WORK INSTRUCTIONS: From the line holding "Human heart and" to the final line of the entries, set down each line exactly, including both, and nothing more.

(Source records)
= Beginning of Section =
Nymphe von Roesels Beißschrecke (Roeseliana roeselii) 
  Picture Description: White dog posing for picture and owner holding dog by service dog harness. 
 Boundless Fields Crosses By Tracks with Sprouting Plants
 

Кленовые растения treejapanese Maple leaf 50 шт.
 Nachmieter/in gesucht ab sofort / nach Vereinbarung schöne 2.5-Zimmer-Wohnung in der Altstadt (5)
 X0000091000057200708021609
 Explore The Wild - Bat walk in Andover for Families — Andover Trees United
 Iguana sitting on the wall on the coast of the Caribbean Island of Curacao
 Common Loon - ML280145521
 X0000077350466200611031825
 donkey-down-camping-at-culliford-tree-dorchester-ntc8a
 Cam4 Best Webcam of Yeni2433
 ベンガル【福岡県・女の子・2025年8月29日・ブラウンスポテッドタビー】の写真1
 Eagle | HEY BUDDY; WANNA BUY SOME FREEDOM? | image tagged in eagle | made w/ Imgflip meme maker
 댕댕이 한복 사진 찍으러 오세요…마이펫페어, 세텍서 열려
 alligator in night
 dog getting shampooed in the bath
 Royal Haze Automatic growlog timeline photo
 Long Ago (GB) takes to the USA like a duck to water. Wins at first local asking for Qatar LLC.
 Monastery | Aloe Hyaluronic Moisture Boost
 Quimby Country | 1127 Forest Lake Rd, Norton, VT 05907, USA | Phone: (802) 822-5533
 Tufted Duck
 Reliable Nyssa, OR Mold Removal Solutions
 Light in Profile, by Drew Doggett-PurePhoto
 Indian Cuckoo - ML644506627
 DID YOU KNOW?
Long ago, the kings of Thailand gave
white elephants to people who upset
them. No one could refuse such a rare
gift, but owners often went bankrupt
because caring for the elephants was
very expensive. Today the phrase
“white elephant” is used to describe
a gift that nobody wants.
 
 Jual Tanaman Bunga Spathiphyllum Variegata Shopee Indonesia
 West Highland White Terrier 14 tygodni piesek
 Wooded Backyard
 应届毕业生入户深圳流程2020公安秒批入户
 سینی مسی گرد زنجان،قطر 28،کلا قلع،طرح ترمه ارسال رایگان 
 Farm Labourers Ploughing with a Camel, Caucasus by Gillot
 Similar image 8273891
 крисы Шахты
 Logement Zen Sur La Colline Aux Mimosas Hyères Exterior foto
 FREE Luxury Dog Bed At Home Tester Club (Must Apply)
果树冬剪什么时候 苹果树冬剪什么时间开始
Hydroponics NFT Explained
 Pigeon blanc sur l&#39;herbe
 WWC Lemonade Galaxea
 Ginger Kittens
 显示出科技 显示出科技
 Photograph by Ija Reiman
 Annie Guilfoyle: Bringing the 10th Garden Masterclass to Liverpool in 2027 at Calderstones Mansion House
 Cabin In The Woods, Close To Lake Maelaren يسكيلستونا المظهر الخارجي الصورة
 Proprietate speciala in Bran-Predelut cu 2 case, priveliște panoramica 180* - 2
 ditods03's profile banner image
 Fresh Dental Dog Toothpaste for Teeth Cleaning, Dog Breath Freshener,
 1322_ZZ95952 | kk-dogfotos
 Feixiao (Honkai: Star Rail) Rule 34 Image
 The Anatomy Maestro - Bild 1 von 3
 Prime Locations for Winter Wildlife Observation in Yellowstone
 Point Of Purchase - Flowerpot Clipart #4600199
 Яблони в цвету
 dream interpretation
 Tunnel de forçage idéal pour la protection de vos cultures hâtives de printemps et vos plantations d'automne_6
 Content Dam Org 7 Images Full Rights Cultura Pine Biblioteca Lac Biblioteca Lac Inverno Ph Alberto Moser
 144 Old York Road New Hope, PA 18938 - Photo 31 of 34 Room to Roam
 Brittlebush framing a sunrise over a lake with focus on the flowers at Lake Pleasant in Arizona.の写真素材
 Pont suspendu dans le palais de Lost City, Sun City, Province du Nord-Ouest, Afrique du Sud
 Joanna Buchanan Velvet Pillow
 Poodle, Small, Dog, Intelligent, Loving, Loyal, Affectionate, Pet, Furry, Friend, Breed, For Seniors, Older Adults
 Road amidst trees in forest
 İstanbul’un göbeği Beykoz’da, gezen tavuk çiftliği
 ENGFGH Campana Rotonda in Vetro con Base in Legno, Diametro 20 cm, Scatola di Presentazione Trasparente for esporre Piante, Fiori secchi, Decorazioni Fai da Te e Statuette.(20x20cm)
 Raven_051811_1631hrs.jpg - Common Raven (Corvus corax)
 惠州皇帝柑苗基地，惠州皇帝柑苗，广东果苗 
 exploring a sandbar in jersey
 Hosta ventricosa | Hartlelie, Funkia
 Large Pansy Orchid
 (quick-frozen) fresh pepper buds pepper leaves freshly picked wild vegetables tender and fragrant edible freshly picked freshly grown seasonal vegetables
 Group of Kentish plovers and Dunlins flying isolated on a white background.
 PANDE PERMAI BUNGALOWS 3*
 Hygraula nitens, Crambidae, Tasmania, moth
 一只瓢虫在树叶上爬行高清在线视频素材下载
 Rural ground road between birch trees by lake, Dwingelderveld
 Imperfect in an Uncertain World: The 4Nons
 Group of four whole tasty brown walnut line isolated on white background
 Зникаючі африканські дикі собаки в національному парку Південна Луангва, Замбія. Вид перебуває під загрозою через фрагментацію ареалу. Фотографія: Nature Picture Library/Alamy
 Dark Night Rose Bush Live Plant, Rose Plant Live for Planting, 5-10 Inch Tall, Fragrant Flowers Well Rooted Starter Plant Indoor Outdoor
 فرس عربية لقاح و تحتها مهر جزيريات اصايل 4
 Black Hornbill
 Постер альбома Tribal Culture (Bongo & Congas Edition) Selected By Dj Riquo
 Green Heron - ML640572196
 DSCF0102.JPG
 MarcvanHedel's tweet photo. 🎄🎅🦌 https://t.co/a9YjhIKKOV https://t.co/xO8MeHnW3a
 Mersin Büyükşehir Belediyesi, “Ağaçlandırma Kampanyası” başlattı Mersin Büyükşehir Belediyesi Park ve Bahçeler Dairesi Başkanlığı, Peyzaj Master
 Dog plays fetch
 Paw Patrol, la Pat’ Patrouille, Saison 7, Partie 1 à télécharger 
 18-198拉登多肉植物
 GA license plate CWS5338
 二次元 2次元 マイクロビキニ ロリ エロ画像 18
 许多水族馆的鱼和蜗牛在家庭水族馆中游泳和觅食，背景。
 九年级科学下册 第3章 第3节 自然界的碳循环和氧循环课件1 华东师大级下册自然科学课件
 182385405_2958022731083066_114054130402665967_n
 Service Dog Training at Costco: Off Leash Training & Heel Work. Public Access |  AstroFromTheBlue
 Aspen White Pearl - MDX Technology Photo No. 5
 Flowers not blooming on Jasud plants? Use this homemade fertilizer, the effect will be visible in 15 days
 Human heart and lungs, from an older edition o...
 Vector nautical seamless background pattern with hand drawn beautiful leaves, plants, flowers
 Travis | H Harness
= End of Section =
ANSWER:
 Human heart and lungs, from an older edition o...
 Vector nautical seamless background pattern with hand drawn beautiful leaves, plants, flowers
 Travis | H Harness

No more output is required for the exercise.